Wall Street's record-breaking run hit a wall as escalating US-Iran hostilities pushed stock futures sharply lower, threatening to end the S&P 500's longest winning streak in four decades.
US stock futures fell across the board Wednesday after the US military struck Iranian targets, escalating Middle East tensions and snapping a nine-week winning streak that had carried the S&P 500 above 7,600 for the first time.
"The momentum has been incredibly strong, but we are moving past earnings season into the summer lull, and geopolitical risk remains on the horizon," Meghan Shue, head of investment strategy at Wilmington Trust, said.
S&P 500 futures declined 0.98%, while Dow Jones Industrial Average futures dropped 1.20% and Nasdaq 100 futures fell 0.73%. The Russell 2000 index of small-cap stocks slid 1.46%, the steepest decline among major benchmarks. The selloff in futures followed a historic regular session Tuesday that saw the S&P 500 close above 7,600 for the first time at 7,609.78, with the Dow adding 228.91 points to 51,307.79.
The retreat puts at risk the S&P 500's nine-week winning streak, the longest since 1985. Investors now face a choice between riding the artificial-intelligence-driven rally that has powered equities to repeated records and hedging against a geopolitical shock that has pushed oil above $96 a barrel.
Geopolitical Catalyst Intensifies
The selloff followed US Central Command's announcement that it had carried out "self-defense strikes" on Iran's Qeshm Island after American forces defeated Iranian ballistic missiles and drones. The Kuwait army earlier reported that air defense systems were "intercepting hostile targets." President Donald Trump said on Truth Social that negotiations with Iran were "continuing, at a rapid pace," even as military operations escalated.
Oil futures extended gains in response, with Brent crude rising nearly 1% to around $96.89 a barrel and West Texas Intermediate climbing to about $94.60. The 10-year Treasury yield stood at 4.459%, while gold fell to roughly $4,474 an ounce.
Sector Rotation Underway
Tuesday's regular session showed the rotation already beginning beneath the surface. Seven of 11 GICS sectors closed higher, led by utilities at plus 1.93%, materials at plus 1.16% and industrials at plus 1%. Communication services was the worst performer, sliding 2.61%, followed by health care at minus 0.99% and consumer discretionary at minus 0.71%.

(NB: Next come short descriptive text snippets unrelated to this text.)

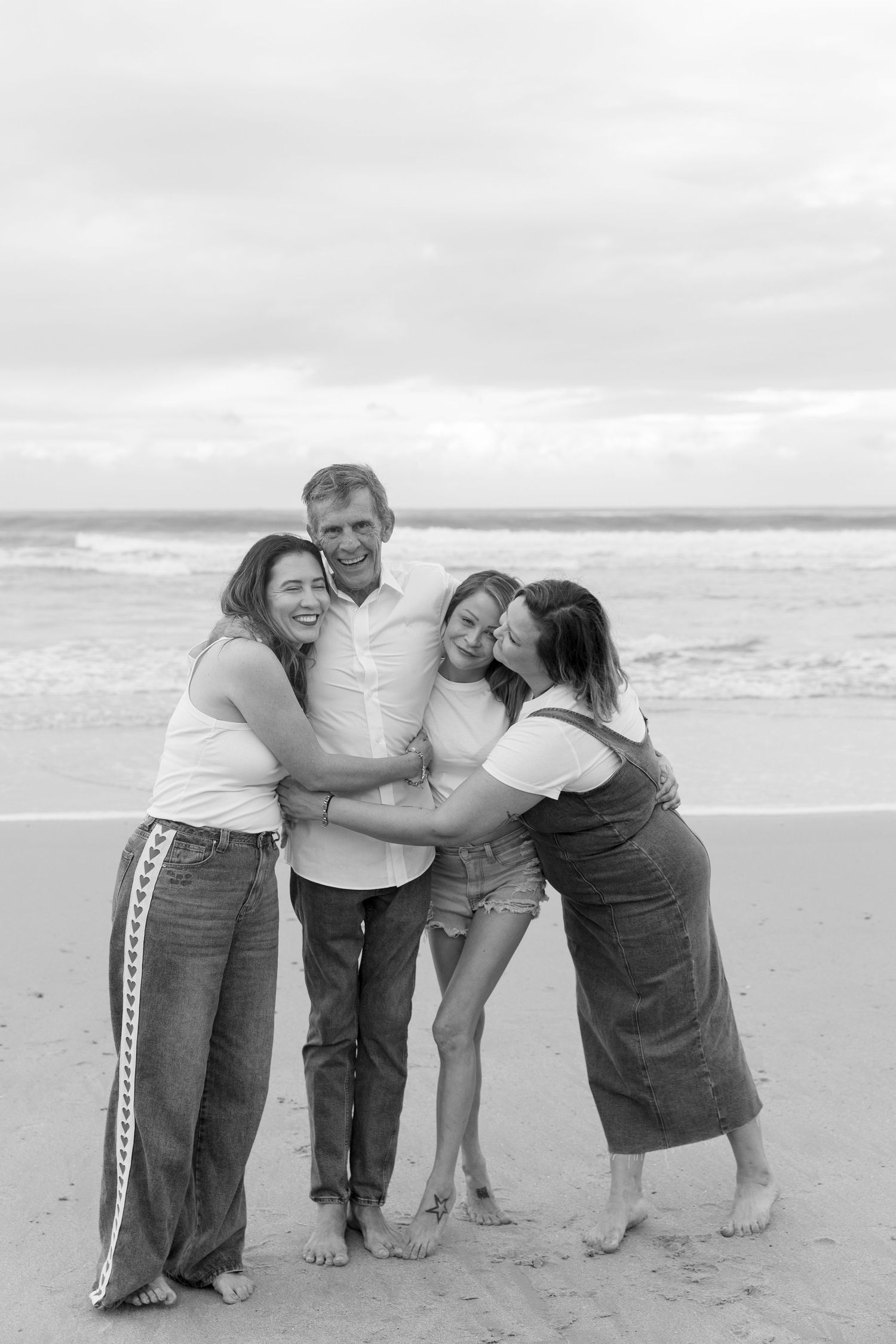 Black and white photo of a happy family of four hugging and laughing together on a sandy beach. Coffs Coast photographer.
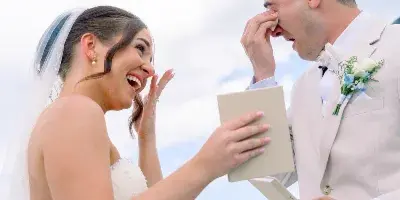 A bride and groom sharing a joyful, emotional moment during their outdoor wedding ceremony.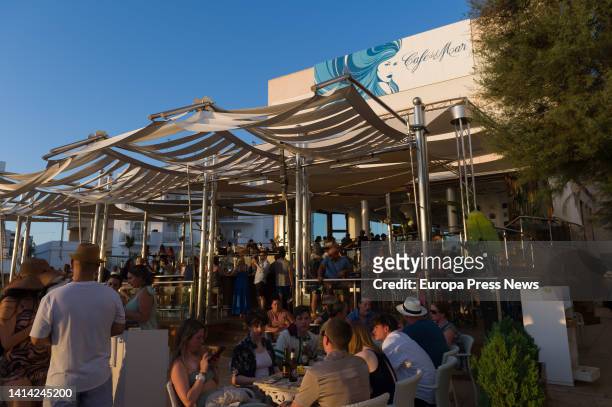 Diners enjoy themselves at Cafe del Mar, on 10 August, 2022 in Ibiza, Balearic Islands, Spain. Cafe del Mar opened in 1980 with the idea of becoming...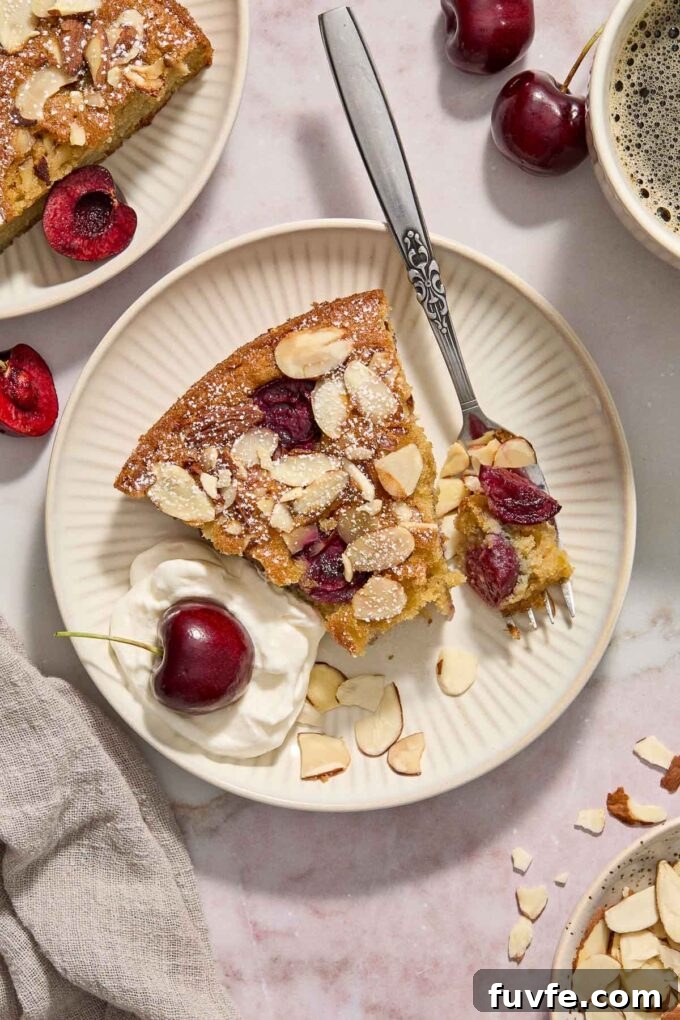 Slice of cherry and almond cake on a plate with whipped cream.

The divergence between defensive sectors and tech-heavy communication services suggests investors were already repositioning before the overnight futures decline. The VIX, Wall Street's fear gauge, is expected to rise from recent lows when cash trading resumes.
What's Next
Traders will watch Wednesday's ADP National Employment Report for May, along with factory orders data and the Federal Reserve's Beige Book for regional economic conditions. The May nonfarm payrolls report due Friday will be the week's main event, offering the next test of whether the economy can sustain the AI-led rally without overheating.
This article is for informational purposes only and does not constitute investment advice.